We have at least 100 of the vinyl albums that have only ever been played once,and then put on tape,but now the tapes are obsolete,we also have a couple of the old 78 bakealite records.


----------



## rt3 (Apr 22, 2014)

nan your vinyl albums are worth a great deal, there is a cult of old vinyl fans out there who would love your collection, check out ebay and the web for retail sellers, and buyers. Let me know if you wish to sell your collection. I am in touch with several buyers who, I'm sure would take your collection. 

the quality of music reproduction by CD is not better. It starts with how the microphones and sound engineers set up the basic recording. When digital came on the scene, it gave the sound engineers music loops from synthetic (Moog) sources, especially in the drum and bass area where 80% of the sound energy occupies.  If you cannot tell the difference between a drummer in the material you are listening to is human or a sound loop it probably doesn't make any difference to you. Currently repressing are being made on heavier vinyl of older recordings from the original soundtracks which were made on old AMPEX 2 channel magnetic recordings in both AM and FM. These were done before Dolby compression was invented and have a very different "flavor" than later techniques. Also when recorded and played back there is a considerable difference in the ringing caused by binary compression in the digital and analog filters used in the conversion. This causes an edgy sound from the digital sources and make some people uncomfortable. This is caused by the odd harmonics in the sound source, which is absent in the analog versions especially when replayed on amps and preamps using tubes or non linear transistors.

the public has been sold a bill of goods, mainly because the kakka they call music nowdays lets them get away with it. also the surround systems they use for movie playback only needs the sound separation of a plane going over head, and the voice reproduction of humans in the center stage which fills up 90% of the material content.

to hear the best difference you need a system capable of reproducing concert sound levels around 110 db with no distortion, in a fairly large living room or theatre type room.


----------



## That Guy (Apr 22, 2014)

Neil Young PONO!

http://www.ponomusic.com/#home


----------



## kcvet (May 16, 2014)

CD's are more versatile. they can also store lots of data. ran the floppy outta business for capacity. also the CDRW which can be erased and burned over. i use these to back up docs on my PC. and then came the DVD disc to burn movies on. but the CDR is what i use to burn music.


----------



## Meanderer (May 16, 2014)

That Guy said:


> I can appreciate the technological discussions on recorded music and reproduction but always say I haven't the hearing of a dog so it just doesn't matter much...


----------



## kcvet (May 16, 2014)

for me they were easier to repair than turntables


----------



## Pappy (May 17, 2014)

Im old enough to remember the old wind up 78 rpm record player my grandparents had. I had more fun playing those old Al Jolson records that grandpa had.
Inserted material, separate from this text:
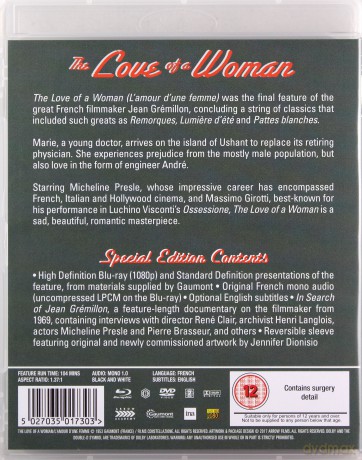 The Love of a Woman (Miłość kobiety) [Blu-Ray]+[DVD]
Still have a bunch of 45s I play every so often. Now all my old country songs are on my Ipad.


----------



## SeaBreeze (May 17, 2014)

Not too old, but I thought this milk-crate stereo was interesting, maybe for Tim the Toolman Taylor, LOL...http://technabob.com/blog/2012/08/04/milk-crate-stereo-puts-the-hammers-down/


----------



## Meanderer (May 18, 2014)

*What's up with this vinyl fad?*

 " So why the vinyl fetish? Well, one attraction is the ritual.  Playing a record involves carefully, reverentially removing the record from its sleeve, placing it on the turntable and gently lowering the needle onto the spinning platter.  It's a process, more involved than sliding a small, shiny disc into a black box or pressing your index finger to an iPod.  It's a pain in the neck for the casual listener, but for the big-time music fan, it reflects a level of engagement and reverence in keeping with their devotion".

http://michaelazerrad.typepad.com/you_and_what_army/2009/11/vinyl_fetishists.html


----------